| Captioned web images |
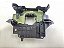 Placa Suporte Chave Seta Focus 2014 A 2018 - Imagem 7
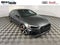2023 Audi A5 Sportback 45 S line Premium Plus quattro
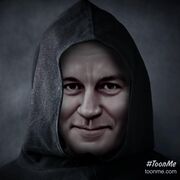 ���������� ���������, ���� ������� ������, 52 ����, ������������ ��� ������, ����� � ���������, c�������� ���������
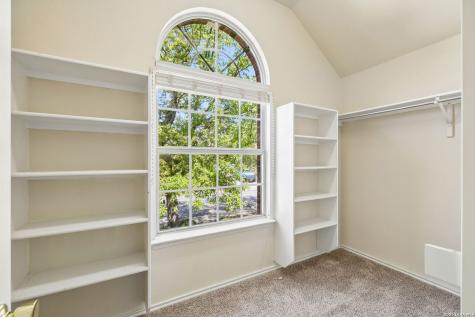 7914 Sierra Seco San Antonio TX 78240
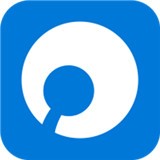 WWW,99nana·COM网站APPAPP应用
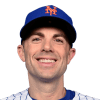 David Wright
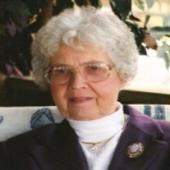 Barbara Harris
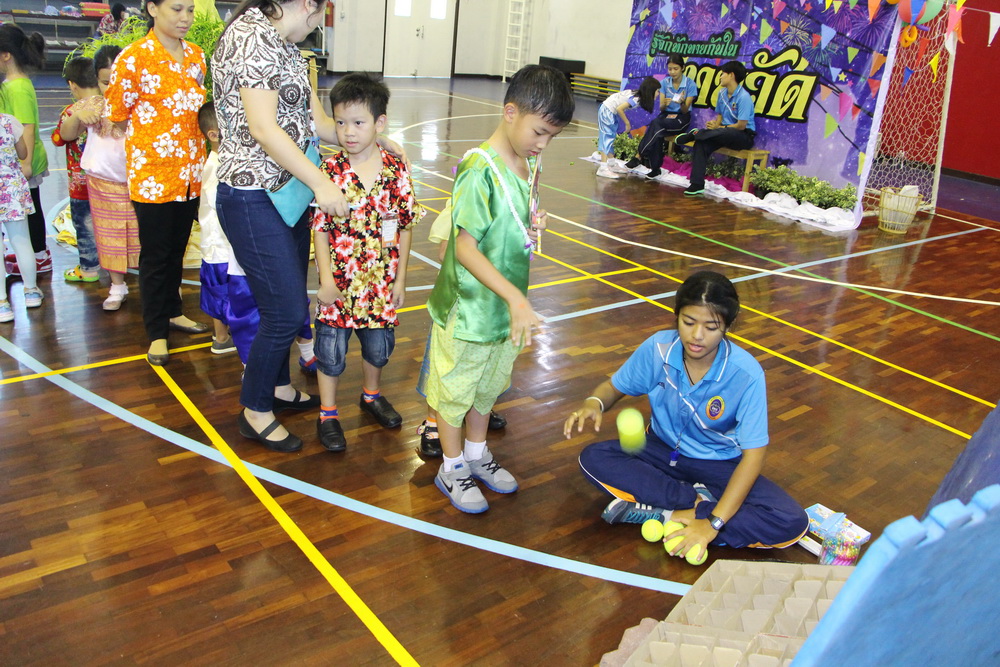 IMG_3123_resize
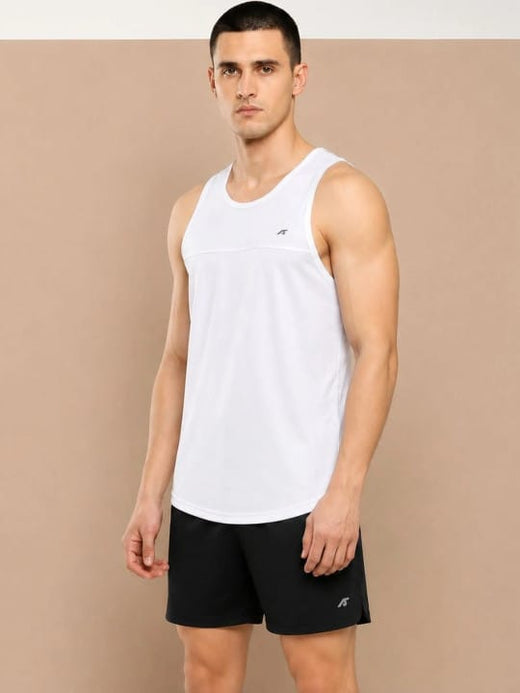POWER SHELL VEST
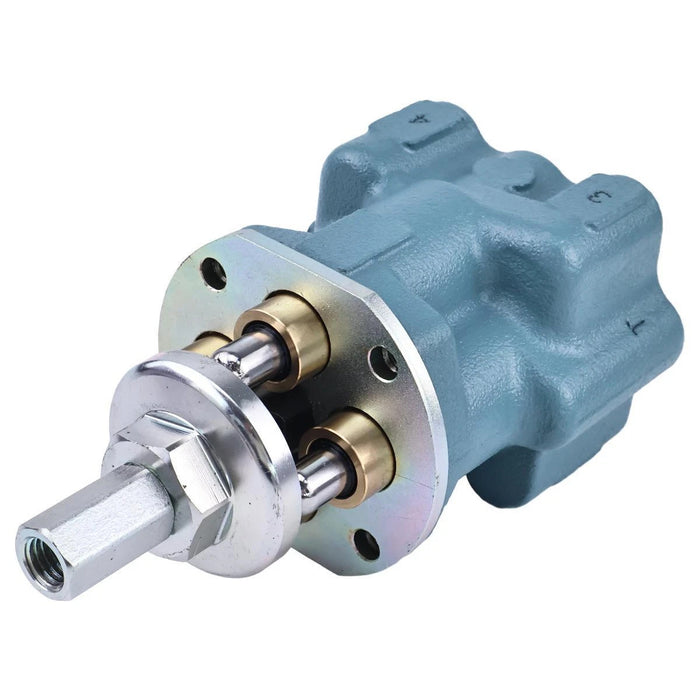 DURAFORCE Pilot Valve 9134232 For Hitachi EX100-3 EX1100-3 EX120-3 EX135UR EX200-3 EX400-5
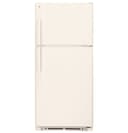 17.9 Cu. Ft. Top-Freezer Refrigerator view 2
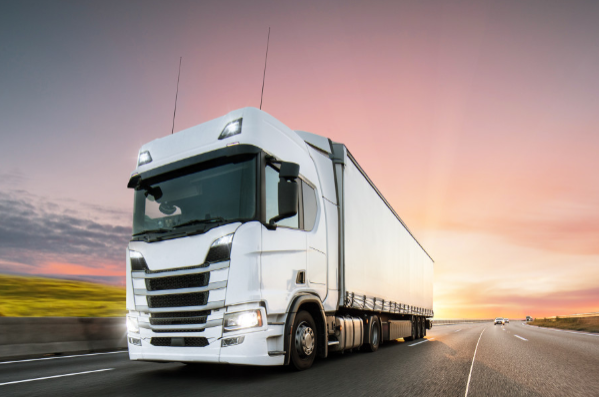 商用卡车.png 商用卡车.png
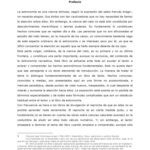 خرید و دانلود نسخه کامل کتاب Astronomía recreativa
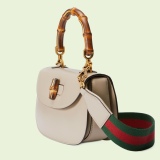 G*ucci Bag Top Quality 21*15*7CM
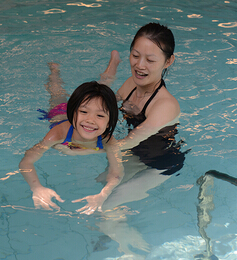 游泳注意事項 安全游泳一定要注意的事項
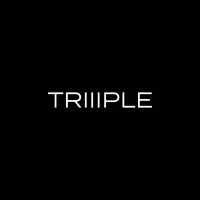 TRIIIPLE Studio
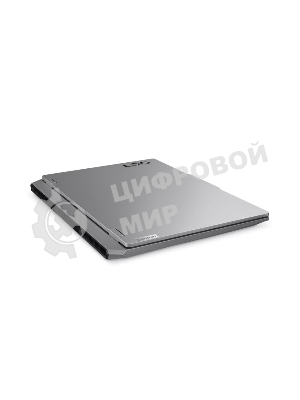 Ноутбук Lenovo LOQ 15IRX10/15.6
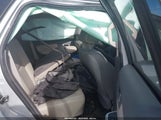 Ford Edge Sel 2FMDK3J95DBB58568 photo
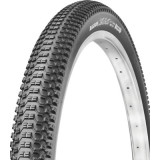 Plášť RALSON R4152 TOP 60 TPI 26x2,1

| Work order |
In the records above, find the line that contains "7914 Sierra Seco San Antonio TX 78240" and repeat exactly that line and all lines after it to the end. Do not include pictures.

| Response to the exercise |
 7914 Sierra Seco San Antonio TX 78240
 WWW,99nana·COM网站APPAPP应用
 David Wright
 Barbara Harris
 IMG_3123_resize
POWER SHELL VEST
 DURAFORCE Pilot Valve 9134232 For Hitachi EX100-3 EX1100-3 EX120-3 EX135UR EX200-3 EX400-5
 17.9 Cu. Ft. Top-Freezer Refrigerator view 2
 商用卡车.png 商用卡车.png
 خرید و دانلود نسخه کامل کتاب Astronomía recreativa
 G*ucci Bag Top Quality 21*15*7CM
 游泳注意事項 安全游泳一定要注意的事項
 TRIIIPLE Studio
 Ноутбук Lenovo LOQ 15IRX10/15.6
 Ford Edge Sel 2FMDK3J95DBB58568 photo
 Plášť RALSON R4152 TOP 60 TPI 26x2,1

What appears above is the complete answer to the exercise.